Prompt ▸ The line containing "Comercial (Oficina) en", plus every line that follows it to the end of the listing below, is what you transcribe exactly; omit all pictures.

Data for review ▸
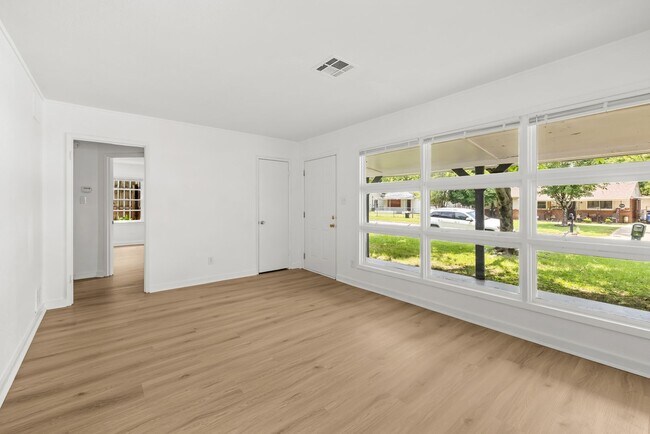Building Photo - Charming 3 Bedroom, 2 Bathroom house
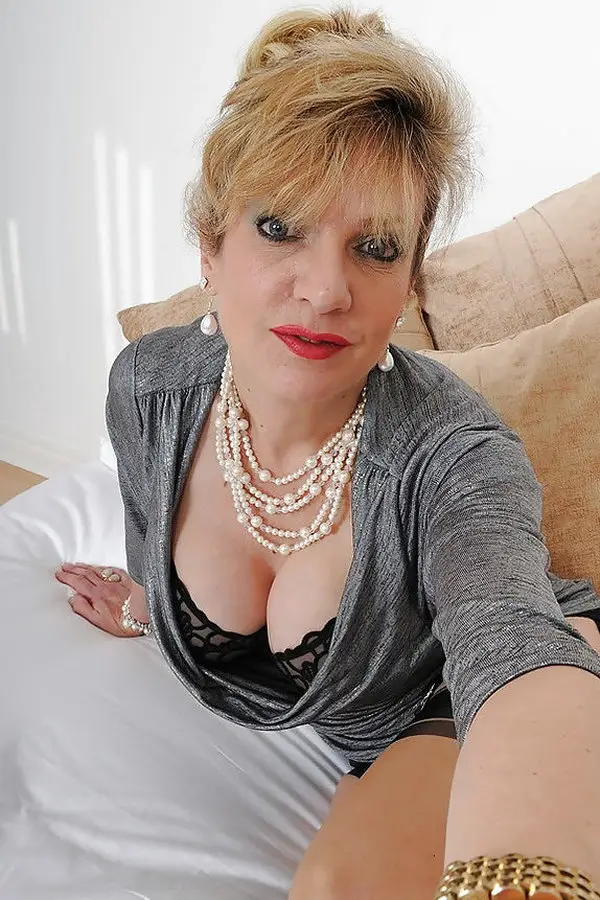 60 Sexluder diese Woche für Sexkontakte Regensburg online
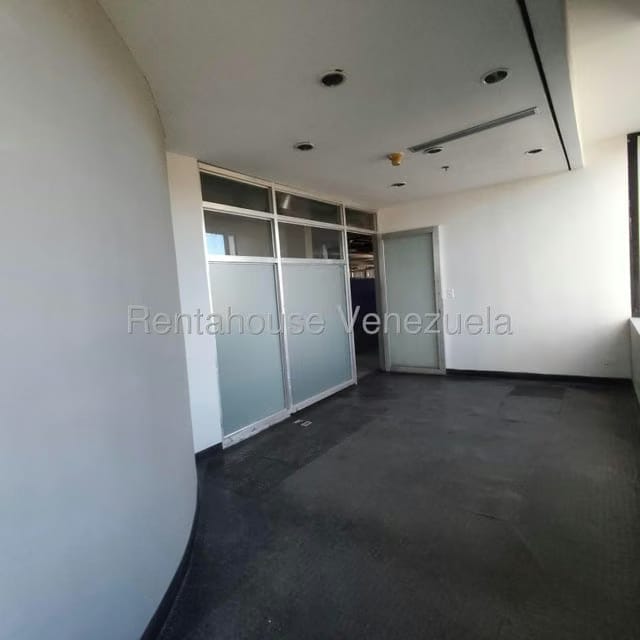 Comercial (Oficina) en Alquiler en Prados del Este, Distrito Metropolitano - 13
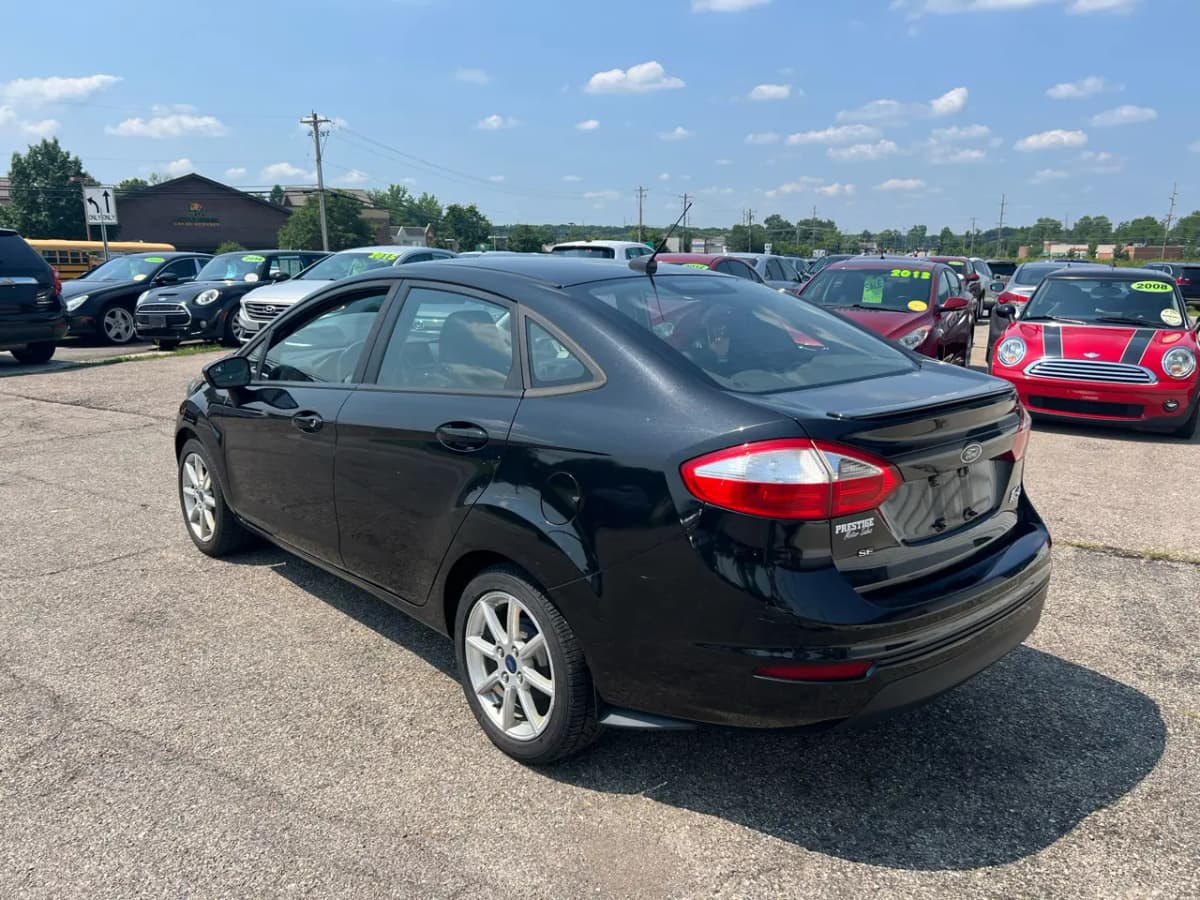2014 Ford Fiesta 9
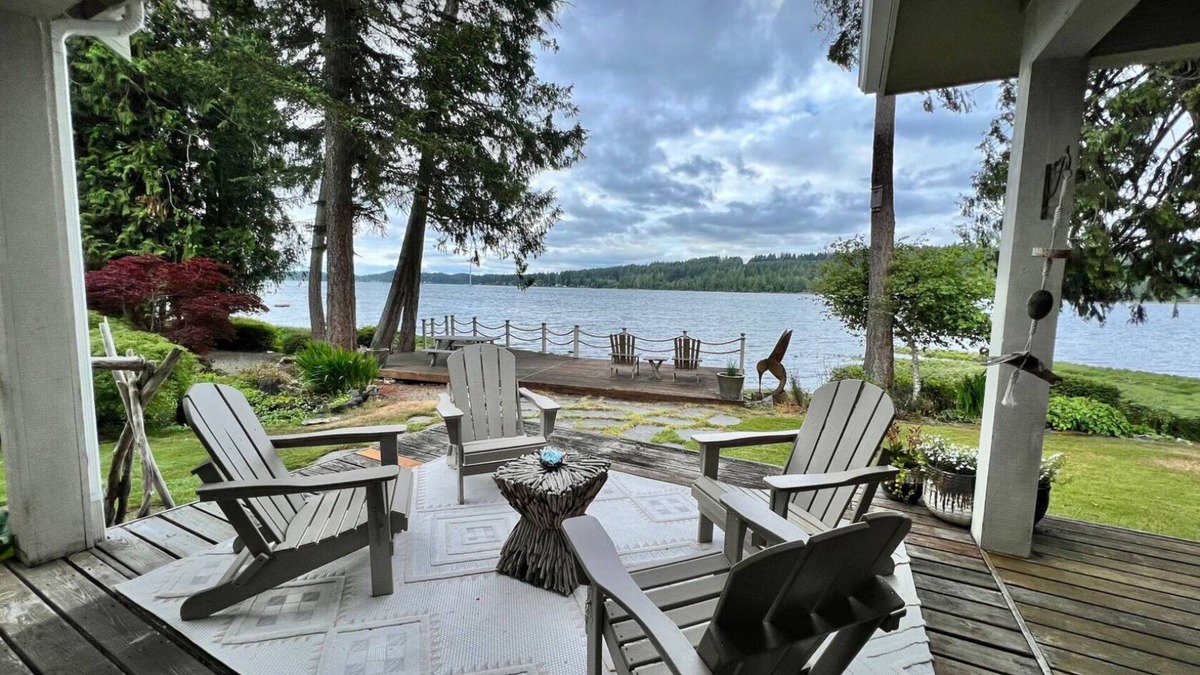 Belfair House | Luxurious 4-bedroom beachfront home with AC, gym and sport court in Belfair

Answer space ▸
 Comercial (Oficina) en Alquiler en Prados del Este, Distrito Metropolitano - 13
2014 Ford Fiesta 9
 Belfair House | Luxurious 4-bedroom beachfront home with AC, gym and sport court in Belfair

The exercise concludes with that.